Soma Chaudhuri spent seven months studying witch hunts in her native India and discovered that economic self-help groups have made it a part of their agenda to defend their fellow plantation workers against such hunts.
"It's a grassroots movement and it's helping provide a voice to women who wouldn't otherwise have one," said Chaudhuri, an Assistant Professor of Sociology and Criminal Justice.
"I can see the potential for this developing into a social movement, but it's not going to happen in a day, because an entire culture needs to be changed," she added.
Witch hunts are common in the poverty struck tribal regions of West Bengal, where women are tied up, tortured and killed after being falsely accused of witchcraft.
Chaudhuri explained that witch hunts are fueled by the tribal workers' belief in the existence of witches and the desperate need of this poor, illiterate population to make sense of rampant diseases in villages with no doctors or medical facilities.
In her study, Chaudhuri interviewed the villagers at length and found that such attacks are often impulsive, and that the "witch" is often killed immediately.

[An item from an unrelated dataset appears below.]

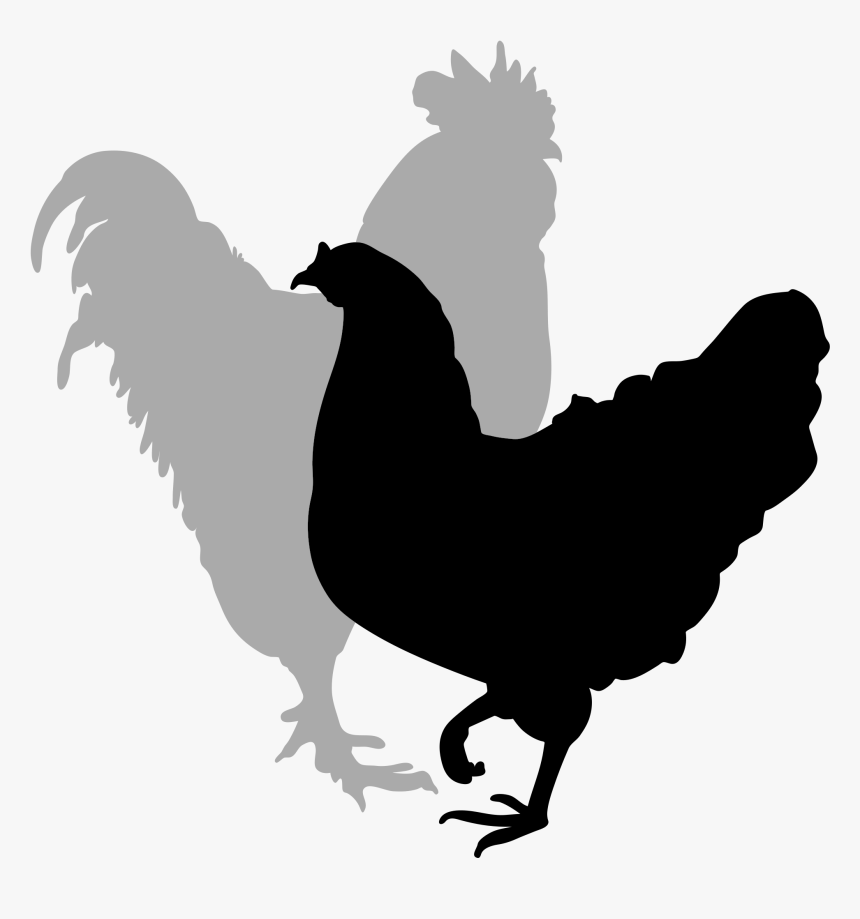 Rooster Silhouette Clip Art - Clipart Hen And Rooster, HD Png Download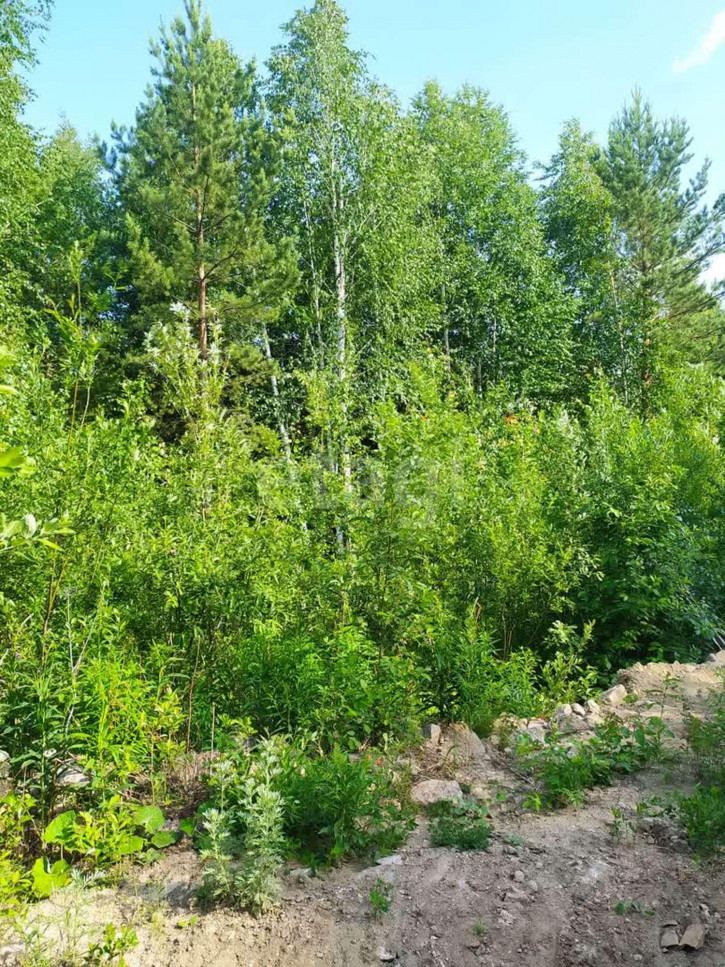Земельный участок КП Шервуд Парк,3-я Парковая 4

Widespread alcoholism is also a factor, she found.
However, she said that through a loan program run by nongovernmental activists, women in such areas are issued a low-interest, collateral-free "microcredit" loan of about 750 rupees ($18) to start her own business such as basket weaving, tailoring or selling chicken eggs, which has been successful in encouraging people to look beyond the economic aspects and mobilize against domestic abuse, alcoholism and the practice of witch hunts.